Kulick was a huge fan of the British rock invasion of America in the '60s, with bands like THE BEATLES, CREAM, LED ZEPPELIN and THE WHO leading the charge. These bands inspired him to play guitar, and to seek out other players in the Jackson Heights area of Queens, New York, hoping to make some original music that could satisfy his creative appetite. Enter neighbor Mike Katz, who lived on the same street as Kulick. Katz, who was also heavily influenced by the bands of that era, was a consummate bassist, who sang and wrote music in a style that was easily interpreted for Kulick's lead playing. A local drummer named Guy Bois rounded out the trio in proper fashion with his powerful drumming, and his parents' basement was the breeding ground for all the rehearsal and creation of music to follow.

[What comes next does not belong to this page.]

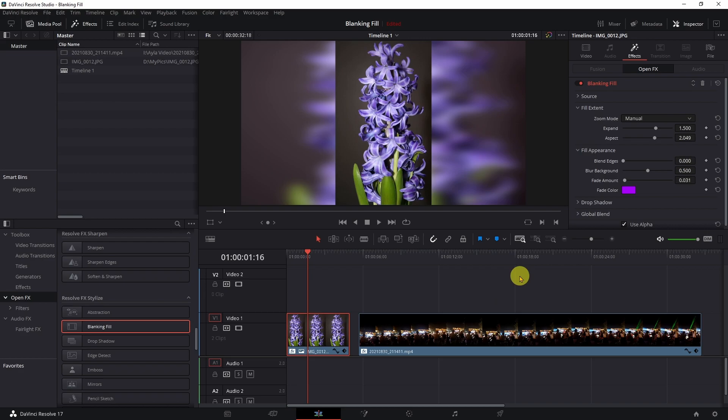Same thing, you can do the same thing with the video clip. Very simply, that's how you can get rid of your bars on the outside if you're working with portrait mode assets.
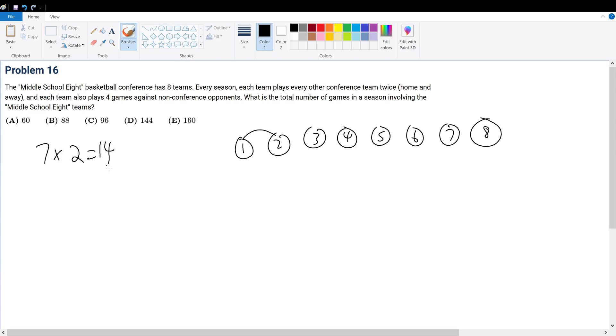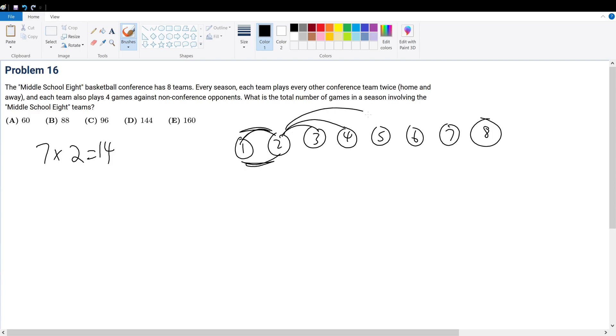But now let's consider two. Two already played against one, so we cannot count that because it's going to be included. There's the home and away that applies for both teams - both teams played against each other. Now it's just one, two, three, four, five, six ways. But then there's home and away, six times two, which is 12.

Although the band had no name, Kulick, Katz and Bois created a unique blend of power trio rock, with progressive stylings and melodic hooks. After many rehearsals, the three young players booked a New York studio to properly record their musical concoction. The end result, in September 1974, was music that felt urgent, intense and compelling. Sadly, with no clear direction for the group to follow this recorded music, the band never played together live and the trio all went their separate ways.
The reel-to-reel tape of those sessions sat gathering dust in Kulick's home, until a garage sale discovery of a Teac tape recorder gave new life to the hidden musical treasure. Friends with whom Kulick shared the recording all agreed: "You must release this music for people to hear." The tape was transferred and, after some cleaning up of the tracks, Kulick released "KKB 1974" in 2008. The limited-run CD sold out quickly.
An unexpected new chapter for KKB happened in 2013, when Katz found the original tapes from Sudden Rush Studios. By using the actual tracks recorded, Kulick had the opportunity to remix, remaster and get creative with this music once again. But the discovery sparked something substantially more interesting than simply polishing up "old" music — the desire for Katz and Kulick to create a new song for KKB, 40 years after its genesis.
"Got To Get Back", the result of KKB's rekindled fire, is a total throwback to the '70s. Each band member recorded their parts in a local studio — Bois in Paris, Katz in New York City, and Kulick in Los Angeles — completing their tracks for the brand new tune. The result was sublime. Further adding to KKB's renaissance, a string quartet scored by Jeremy Rubolino, Kulick's longtime collaborator, was added to the ballad "Someday", giving the song a shine that couldn't have been imagined in 1974.
"This music represents a time in my career that I feel helped define the potential of my guitar playing," Kulick says. "It gives me chills to hear it. The interplay with Mike on bass and Guy on drums was expertly executed, filled with passion that defined our age. To think that so long ago I was involved in something this powerful that sat in my closet unheard for nearly 35 years made me furious. My intense desire to share this music that is relevant now, more than ever, is a huge accomplishment. Play it loud and imagine three young men pouring their hearts out making music, never concerned about anything but the music. That was the intention. It was pure, it was real. And now it's available for all to enjoy."